Le patron de Naturgy était à Alger jeudi pour négocier avec Sonatrach. Officiellement, il était question de gaz, de renouvelables et d’une “alliance stratégique de longue durée”. Officieusement, Madrid veut surtout consolider ses approvisionnements énergétiques dans une région où les équilibres diplomatiques sont fragiles.
Sur place, Francisco Reynés a rencontré Mohamed Arkab, ministre de l’Énergie, et Noureddine Daoudi, fraîchement nommé à la tête de Sonatrach. D’après l’APS qui a rapporté la visite, il s’agissait de « renforcer les liens avec un partenaire historique ». Une formule consensuelle pour une réalité plus rugueuse.
Parce que l’Europe court après le gaz depuis le début de la guerre en Ukraine, et que l’Algérie le sait, que l’Espagne a pris position sur le Sahara occidental en se rapprochant du Maroc, ce qui a refroidi Alger et qu’aujourd’hui, Madrid a besoin de rassurer son voisin du sud. Le gaz, dans cette histoire, c’est autant une marchandise qu’un langage diplomatique.
Du gaz, oui, mais plus seulement
Les discussions ont porté sur “l’approvisionnement en gaz”, écrit l’APS, mais aussi sur bien d’autres choses. Naturgy et Sonatrach veulent “réviser l’état actuel et les perspectives de coopération”, notamment dans la commercialisation du gaz naturel. Fait nouveau : les deux groupes envisagent pour la première fois depuis des années “d’explorer ensemble de nouvelles activités au-delà du gaz”. Les énergies renouvelables sont sur la table, tout comme le gazoduc Medgaz qui relie directement l’Algérie à Almeria.
Mohamed Arkab a salué “la solidité des relations entre les deux sociétés” et affirmé “la disponibilité de Sonatrach” à approfondir le partenariat, selon l’agence. Des sources du secteur énergétique algérien parlent même de construire une “alliance stratégique de longue durée”.
Il faut rappeler que l’histoire entre Naturgy et Sonatrach remonte à 1965, date de leur premier contrat commercial. Sonatrach a longtemps été le premier fournisseur de gaz de Naturgy. Comme Naturgy est le premier distributeur de gaz en Espagne, l’Algérie devient mécaniquement le principal fournisseur gazier du pays. Les deux groupes cogèrent des infrastructures cruciales : le gazoduc Maghreb-Europe (qui traverse le Maroc) et le Medgaz, tracé sous-marin direct entre les deux rives de la Méditerranée.

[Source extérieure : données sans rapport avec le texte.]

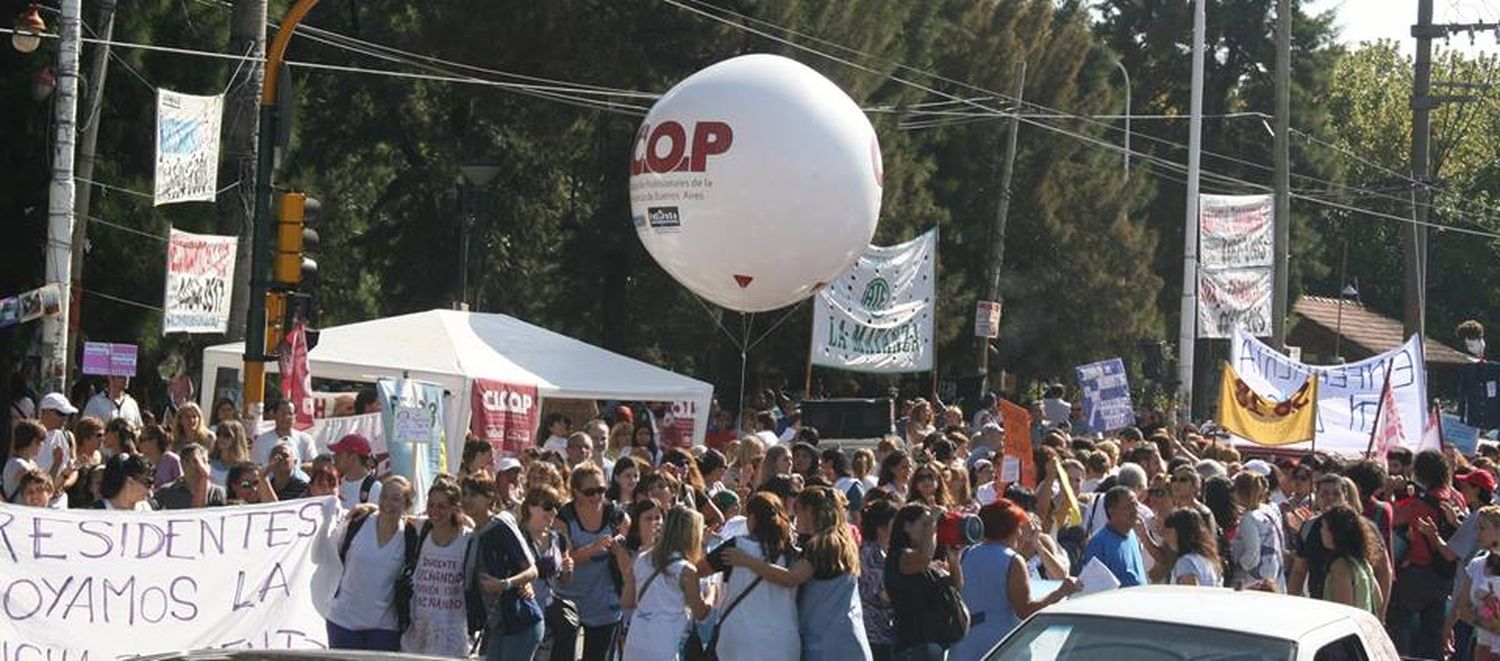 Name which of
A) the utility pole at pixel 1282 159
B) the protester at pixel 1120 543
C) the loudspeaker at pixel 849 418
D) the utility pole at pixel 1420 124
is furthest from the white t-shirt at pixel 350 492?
the utility pole at pixel 1420 124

Sauf que pendant des décennies, cette coopération s’est cantonnée aux hydrocarbures. Sonatrach, détenu à 100% par l’État algérien, n’en sortait pas. Aujourd’hui, Alger veut élargir le spectre. Calcul économique ? Manière de rappeler à Madrid que l’Algérie compte aussi dans les énergies de demain ? Les deux, sans doute.
Quand le gaz devient un casse-tête diplomatique
La visite de Reynés arrive dans un contexte sensible. En 2021, Alger a rompu avec le Maroc et décidé de ne pas renouveler le contrat du gazoduc Maghreb-Europe, coupant ainsi le transit du gaz algérien vers le royaume chérifien. L’Espagne s’est retrouvée contrainte de s’appuyer davantage sur le gazoduc Medgaz ou sur l’Asie pour ses approvisionnements.
Le changement de position de Madrid sur le Sahara occidental, aligné sur Rabat, a provoqué une crise diplomatique il y a deux ans. Petit à petit, les tensions se sont apaisées. Alger et Madrid tentent de normaliser leurs relations après des mois d’accrochages.
C’est dans ce climat qu’un accord a été signé en 2022 entre Sonatrach et Naturgy pour réviser les prix des contrats de gaz à long terme. Une manière de s’adapter aux nouvelles réalités du marché tout en sécurisant les livraisons espagnoles. Sur les dix dernières années, Sonatrach a fourni à son client espagnol 83 milliards de mètres cubes de gaz.
Mais les négociations sur les prix n’ont jamais été simples entre les deux groupes. Actuellement, ils discutent de la période 2025-2027. Par le passé, les désaccords ont mené à des arbitrages coûteux. L’un d’eux s’est même soldé par un paiement en actions de Naturgy à Sonatrach, qui détient aujourd’hui 4% du capital du groupe espagnol.
Aujourd’hui, l’Espagne doit garder de bonnes relations avec l’Algérie sans pour autant braquer le Maroc. L’Algérie, elle, sait qu’elle dispose d’une position stratégique enviable dans une Europe en quête de sécurité énergétique. D’autant que Bruxelles s’apprête à interdire le gaz russe dans l’Union européenne, ce qui pousse Naturgy à réorganiser ses approvisionnements.